Bermudian lawyer and politician (born 1970)

Wayne Caines is a Bermudian politician currently serving as a member of the House of Assembly of Bermuda representing Devonshire North West for the Progressive Labour Party.

Caines served as Minister of National Security from July 2017 until his resignation in July 2020.

==Education and career==
Caines is a graduate of Oakwood University in Huntsville, Alabama, the University of Kent and the Royal Military Academy Sandhurst.

Prior to entering politics, Caines served as a Captain within the Bermuda Regiment, Crown Counsel at the Department of Public Prosecutions, and CEO of SENIAC Consulting.

==Political career==
Prior to entering Parliament, Caines was Chief of Staff in the Office of the Premier.
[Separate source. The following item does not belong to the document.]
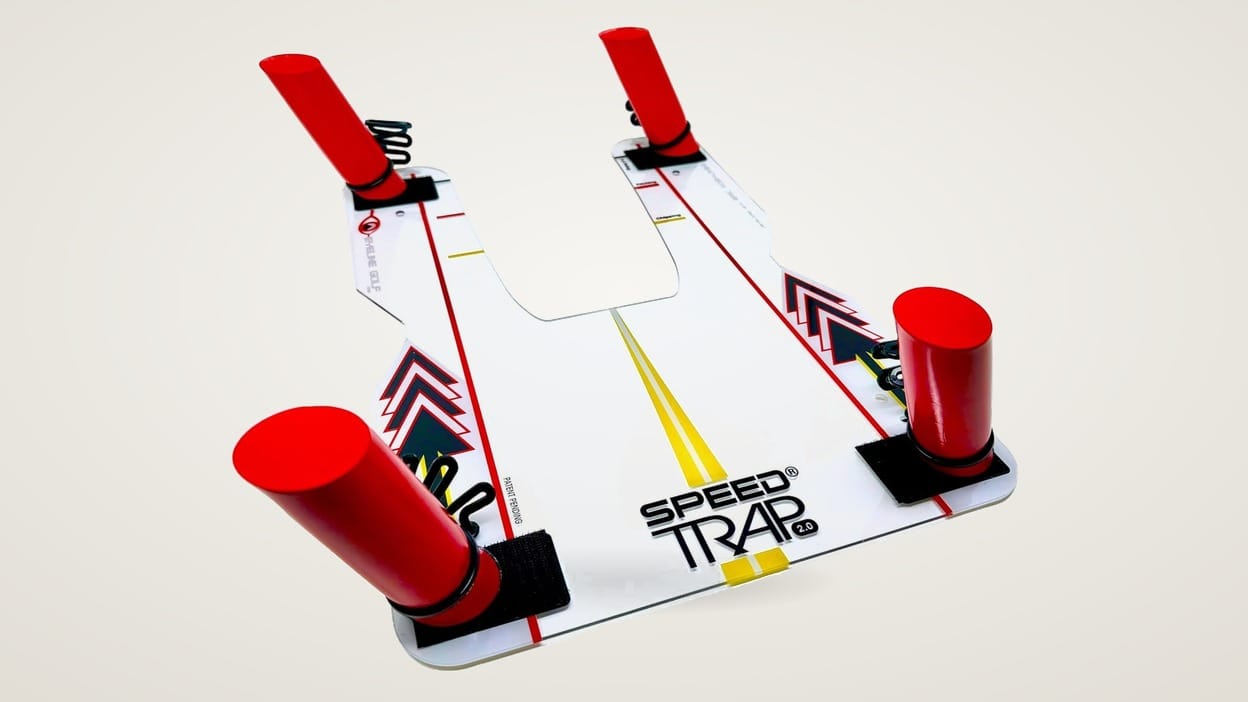 EyeLine Golf Speed Trap 2.0 foam gate swing path training aid on a plain background.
He then served as a Progressive Labour Party Senator, becoming Junior Minister of Tourism, Transport, Environment and Sport.
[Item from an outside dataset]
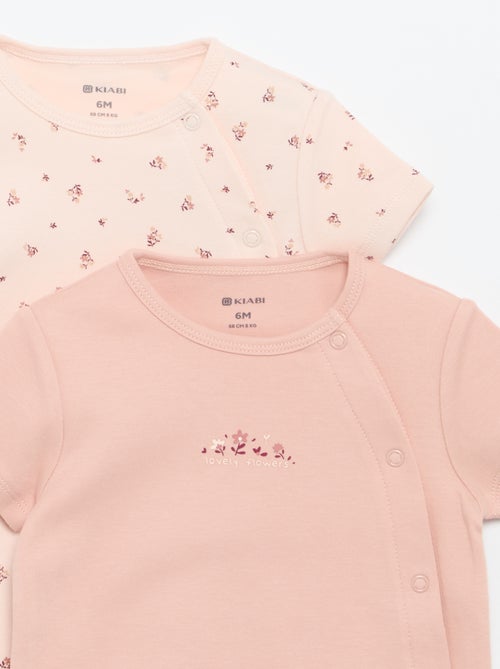 Set van 2 rompertjes van jersey met korte mouwen - Kiabi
Following the Progressive Labour Party victory at the 2017 election, in which Caines was re-elected as member for Devonshire North West, Caines was appointed as Minister of National Security. Caines was re-elected on 2020.

== Controversy ==
In the Fall of 2018, Caines visited London for Government related purposes and was involved in an incident of notoriety at a Cereal Killer Cafe chain. At the establishment when ordering his cereal, Caines asked the female worker if they had "any titty milk?". Despite issuing an apology for his unprofessional behaviour and clear sexual harassment, nothing was done by the Progressive Labour Party to punish Caines over the matter. He continued to hold his position as Minister of National Security.